Redundancy ranks high in the hierarchy of things any autonomous driving system must have, according to Shashua. He tells CNET Road Show, “The way that you guard yourself against sensing mistakes is not only through algorithms that are well tested, but also through redundancy. So now, the level of risk you are willing to take is comparable to the level of redundancy that you are willing to invest in.”
For him, Lidar is an essential part of the package, but Tesla says it can have full redundancy without it. “So what is Tesla stating? They are willing to take more risks in sensing mistakes because they have less redundancy, because they want to have a lower-cost technology? Another car manufacturer can come in and say, ‘I want to have almost zero risk in having a sensing mistake and I’m wiling to pay more for that, or my customers are willing to pay more for that, so therefore I’m putting not only radars and cameras, but also lidars.’ I wish them the best of luck moving forward,” he adds.
One Horse In A Crowded Field
As far along as Mobileye is with its autonomous technology, it is in a horse race with dozens of other companies, many of them in China. In the US alone, Nvidia, Uber, and Waymo are champing at the bit to get self driving cars on the road. And then there is Tesla, which insists it will have a car go from LA to NYC without a human hand on the wheel before the end of the year.

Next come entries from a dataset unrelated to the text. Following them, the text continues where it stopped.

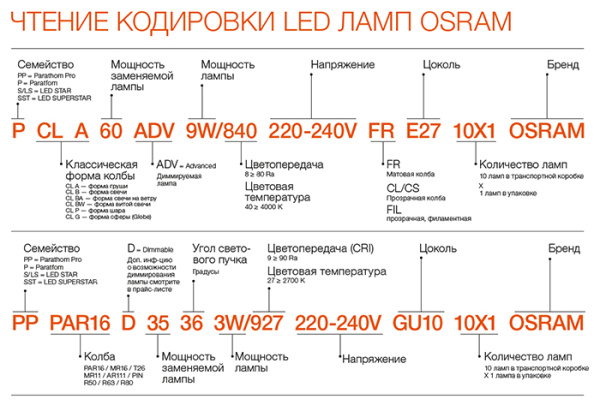 Лампа свд 220В Е27 20Вт 6500К 1600лм стандарт A70 матовая Osram LED Value black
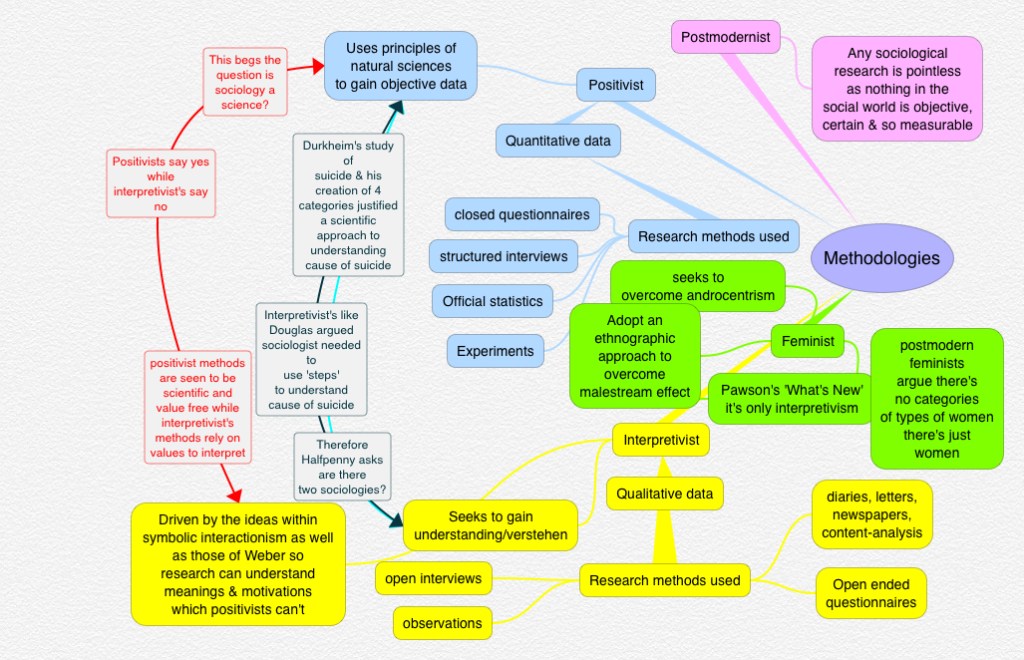 What are methodologies? | sociologytwynham.com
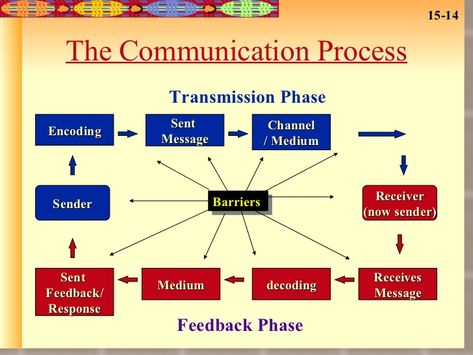 This shows a simple of way of effective communication.  The link below gives you a  slide of the different ways to communicate and what you shouldn't do when communicating Communication Styles Worksheet, Types Of Communication Worksheets, Schramm Model Of Communication Example, Communication Skills Activities, Elements Of Communication Process, Communication Folder, Intrapersonal Communication, What Is Communication, Types Of Listening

The payoff is money — lots of it. Ride-hailing and mobility services are projected to be worth $500 billion a year in China alone within 10 years. Between now and then, many systems will be tried — systems that draw a fine line between safety, appearance, and cost. Lidar technology is making rapid strides in terms of cost and size. Waymo says it has slashed the cost of its Lidar sensors by 90%. Sometime during the coming years, there will be convergence between the various manufacturers on what hardware is required and what can be omitted. Industry standards will begin to emerge.
In the meantime, it’s the wild, wild west in the field of autonomy. Mobileye could emerge as an industry leader, or some company you never heard of could zoom into the lead as others fall by the wayside. The only thing that could slow the pace of progress is if self-driving cars start getting into more and more fatal accidents. Ammon Shashua is right. Public acceptance of fatalities where autonomous systems are in use will be near zero. Companies like Uber, which decided to reduce the number of Lidar sensors installed on its self-driving test vehicles to save money, could set the whole idea of autonomous driving back decades with its foolish disregard for safety.